- **Given data**
▼
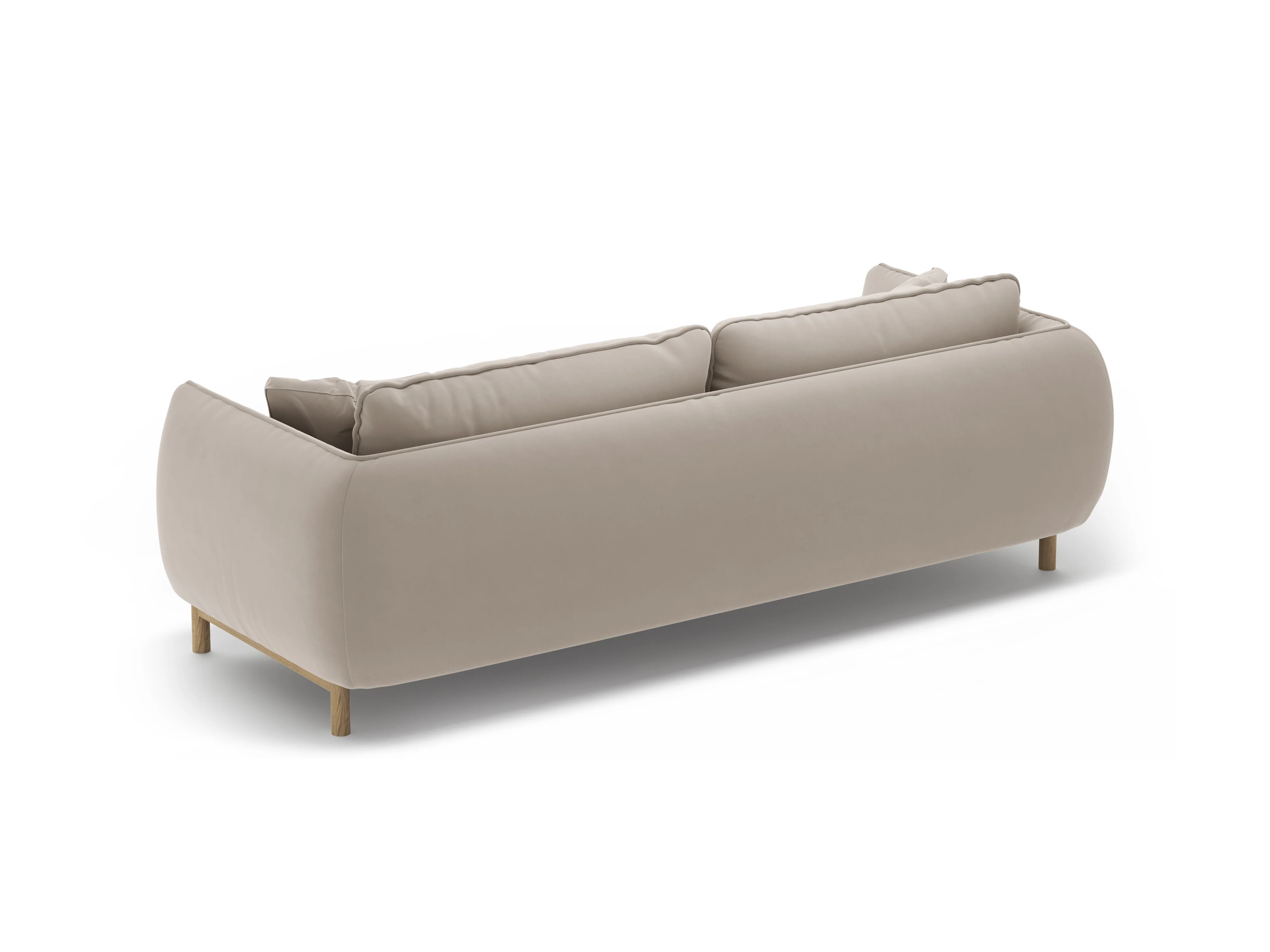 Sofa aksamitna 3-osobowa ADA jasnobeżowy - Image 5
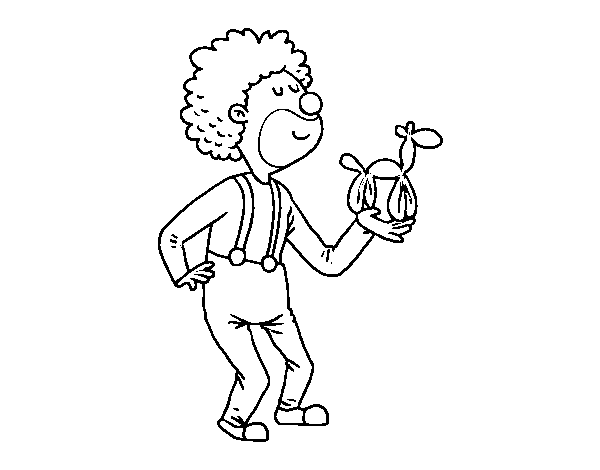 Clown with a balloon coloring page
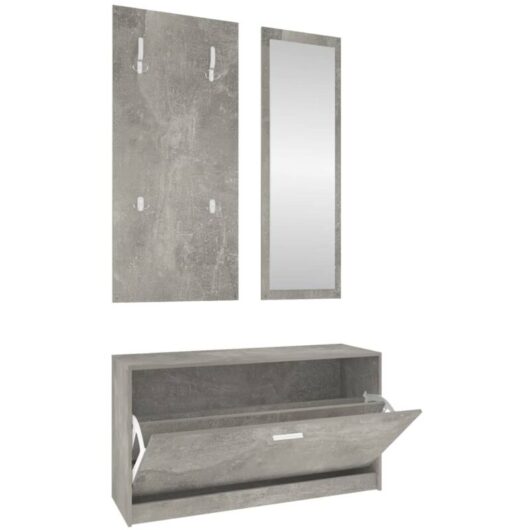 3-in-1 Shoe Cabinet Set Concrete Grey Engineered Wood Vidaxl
▲
- **About this task**
The reply should repeat the data in full, exactly as given, and contain no pictures.

- **Output for this exercise**
 Sofa aksamitna 3-osobowa ADA jasnobeżowy - Image 5
 Clown with a balloon coloring page
 3-in-1 Shoe Cabinet Set Concrete Grey Engineered Wood Vidaxl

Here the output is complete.